Большую по объему статью о К. Аксакове справедливее было бы отнести к жанру биографического очерка с вкраплениями в него размышлений историософической направленности. Автор охватывает этапы жизни и творчества славянофила, не оставляя без внимания даже обстоятельства его рождения и воспитания. С любовью пишет о предках К. Аксакова, особо подчеркивает материнскую «начинку» характера и темперамента будущего пламенного публициста. Параллельно выделяет в его наследии именно то, что со временем не потеряло своего значения, – исторические опыты. Не будучи профессиональным историком, но наделенный полемическим задором, К. Аксаков как бы расшатал господствовавшее в то время течение исторической мысли. Он создал фундамент, способ мысли, «которые стали с той поры железным инвентарем национально-почвенной историософии славянофильства». К. Аксаков впервые в лапидарной форме дал «общую характеристику духа русского народа и его истории».
К. И. Зайцев трезво оценивает идеи славянофила: «Не разделим мы с ним той силы негодования, которая подымала его против Петра, и его анафематствования Петербурга.

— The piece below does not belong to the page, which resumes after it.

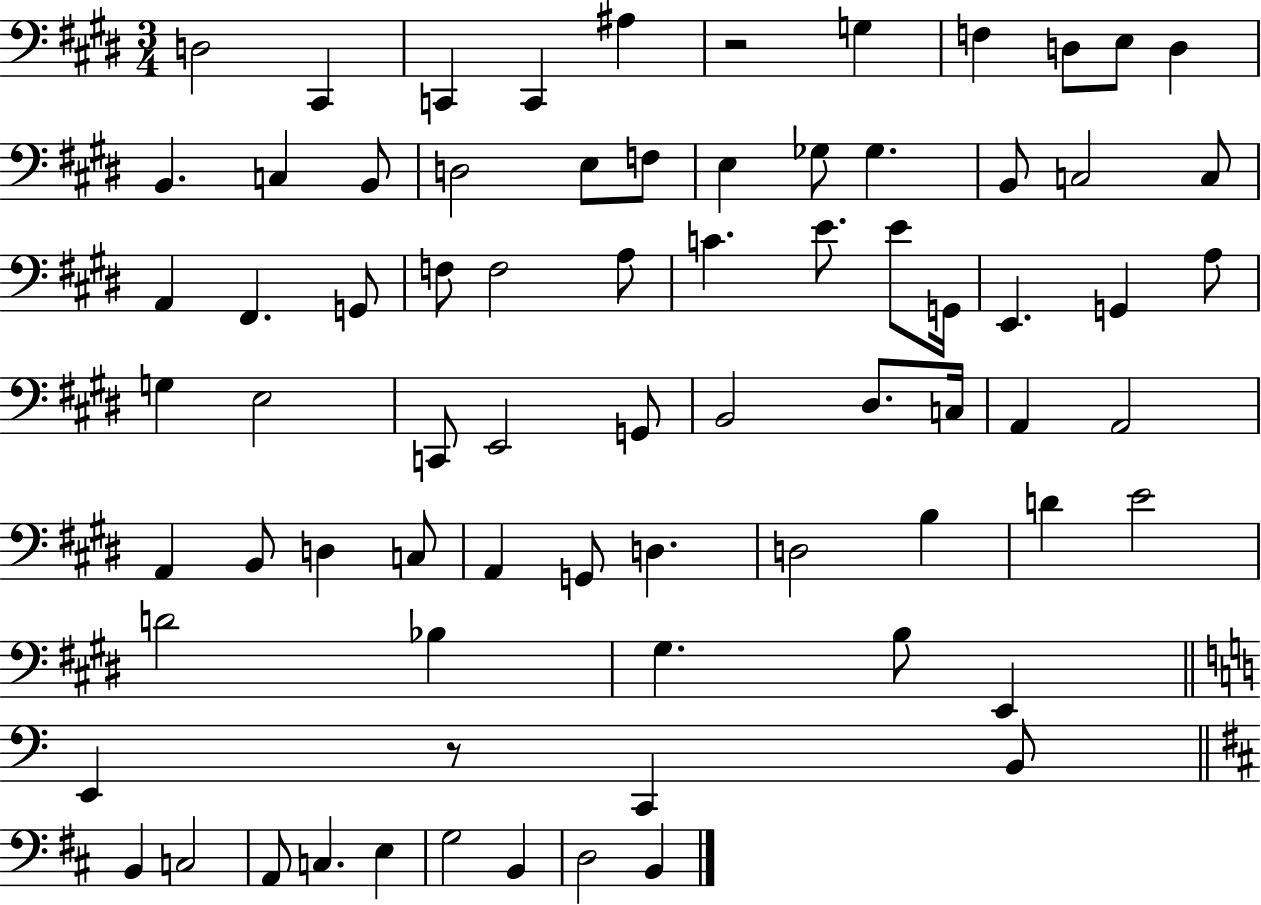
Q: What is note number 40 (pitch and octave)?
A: G2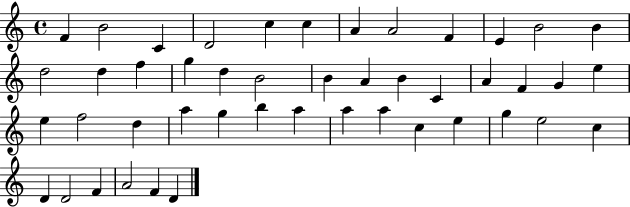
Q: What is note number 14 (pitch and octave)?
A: D5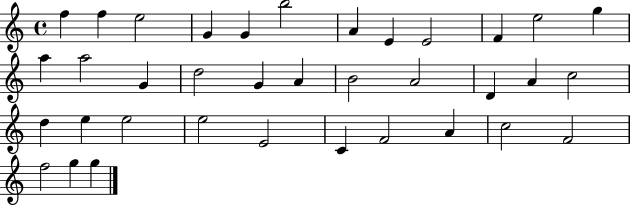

Не разделим и того упрощенно-идиллического восприятия древней Руси, которое облегчало ему его полемику с Петровской Россией. Далеки мы от возвеличивания общинного начала в русском земельном строе. А главное, далеки мы от той детски-оптимисти-ческой оценки “народа”, которая вдохновляла славянофилов на борьбу с петровской Россией и делала их оппозиционерами российской Императорской власти».
К. Аксаков признавался, что объект его бескорыстного служения – Истина и Отечество. Но всегда ли в унисон говорят истина и отечество? Для восторженного славянофила «отечество» в вопросе обладания Истиной сливалось с «народом», покрывалось «народом» – и именно простым народом. Вот такого двусмысленного «народничества», безоглядного «народолюбия» К. И. Зайцев не приемлет в Аксакове, не приемлет именно то, что славянофилы «идеализировали народ и создавали из него кумира, ища в нем сосредоточения Истины». И все же, несмотря на народнический утопизм, К. Аксаков современен, ему принадлежат «золотые мысли», «которые до сих пор остаются программными лозунгами русского национального самосознания».
Очерк «Памяти Константина Аксакова» и двумя годами ранее напечатанная юбилейная статья «Глеб Успенский» близки по проблематике. «Тот, кто не знаком с Успенским, не может сказать, что он знает русскую литературу» – таков тезис К. И. Зайцева, который, в свою очередь, перерастает в мысль о том, что «не только, однако, не может сказать о себе тот, кто не знаком с Успенским, что он знает русскую литературу: не сможет он сказать, что знает и русскую действительность!» И если К. Аксаков дал формулу русского национального самосознания, то Г. Успенский – самое очевидное воплощение «болезни русской совести», «которая угнетала и поедала лучшие душевные силы русской интеллигенции второй половины девятнадцатого века».